Pedas, cabai, sambal,, sudah saya kenal sejak kecil. Pertumbuhan dan perkembangan tubuh saya pun diiringi dengan gairah mereka dengan intensitas dan kualitas yang semakin bertambah. Batas ambang yang membuat saya kepedesan pun lambat laun meningkat, hingga berbagai julukan saya dapatkan. Bukannya saya mau jadi jagoan, toh ada beberapa teman yang lebih gila lagi memperlakukan cabai rawit pada setiap gigitan gorengannya, tapi memang rasa pedas sudah menjadi kebutuhan dasar layaknya nasi bagi orang-orang negri ini. Alhamdulillah, jarang ada masalah berarti pada sistem pencernaan saya, rupanya mereka sudah dengan cerdasnya beradaptasi, atau memaklumi? entahlah. Kadang saya merasa tak adil terhadap mereka karena lebih sering menganakemaskan lidah dan jarang peduli apakah mereka merasa tersiksa atas segala sesuatu yang saya sodorkan.

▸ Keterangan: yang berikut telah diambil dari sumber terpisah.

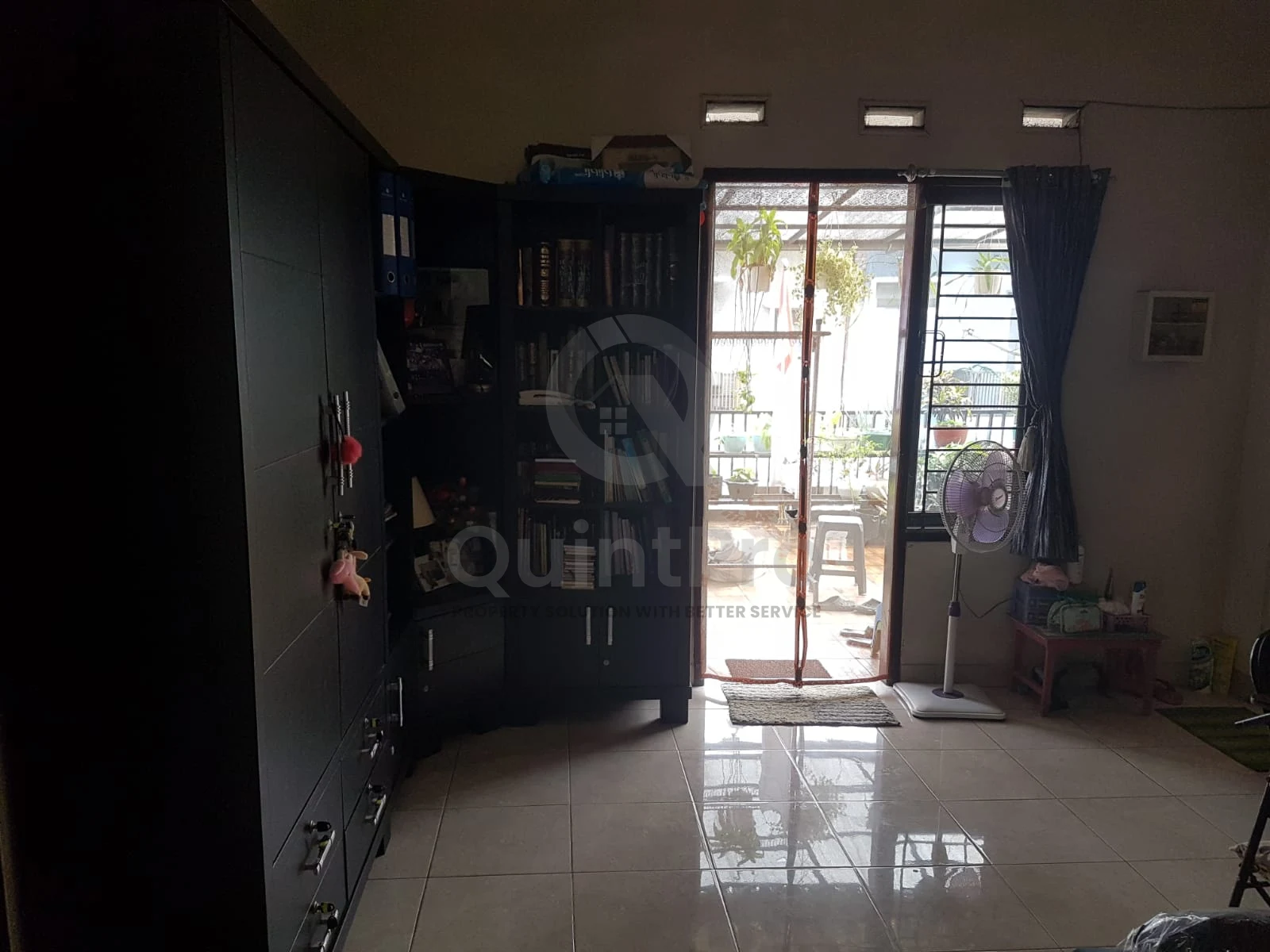 Rumah Dijual di Graha Intan Residence, Ciputat, 4KT — foto 8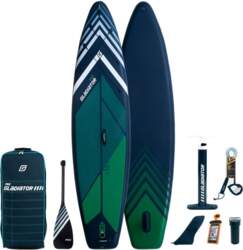 SUP dēlis GLADIATOR PRO 11.6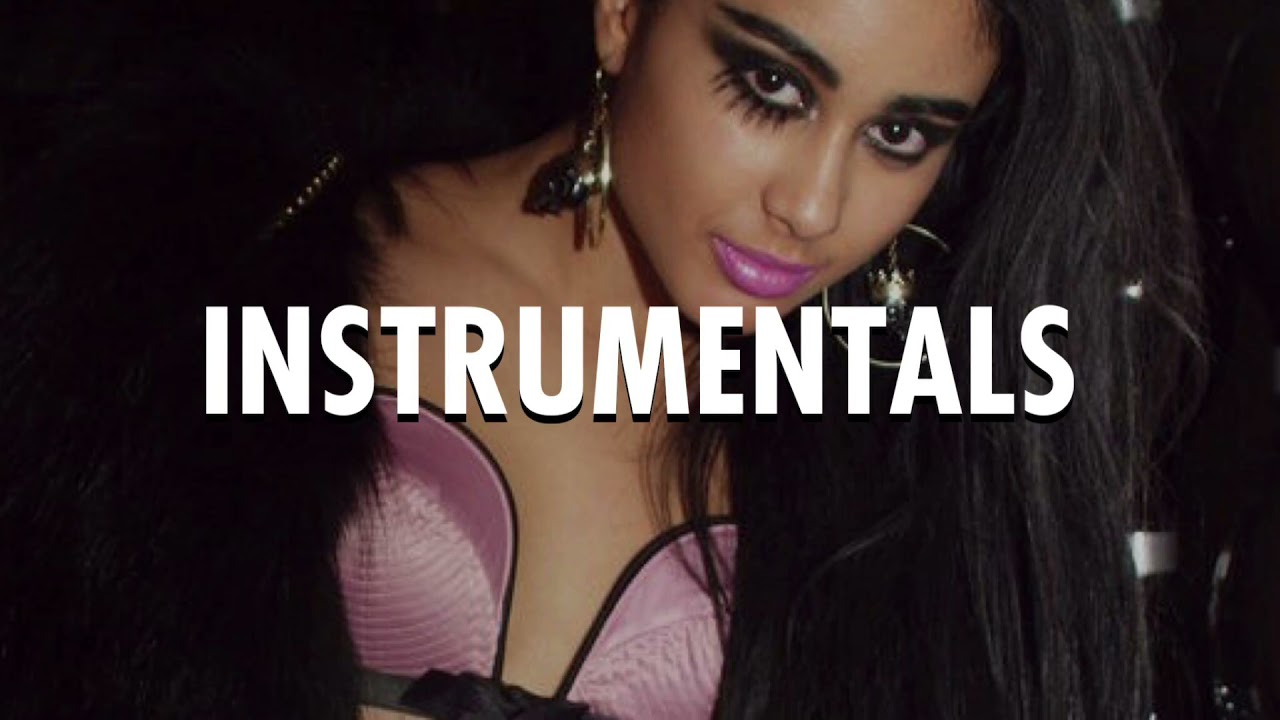 Natalia Kills - Wonderland (Instrumental) [Official Audio]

Perpisahan ini pun menyisakan pilu dan kehampaan. Makanan yang sebelumnya terasa begitu menggoda, kini meredup pesonanya. Waktu makan, sesuatu yang selama ini menjadi waktu yang ditunggu, sekarang tak lagi istimewa malah berubah status menjadi beban. Waow,,,sebegitu berartikah rasa pedas,,saya sendiri heran. Tapi, seperti nasehat ibu saya, ini adalah salah satu episode hidup saya untuk menjadi manusia yang tak pernah dan tak boleh berhenti untuk belajar sabar, seseuatu yang begitu indah dan dicintai,,kapanpun dan dengan media apapun,, semoga. Dan perpisahan sebenarnya tak melulu berujung sedih,,,pasti ada hikmah di sana.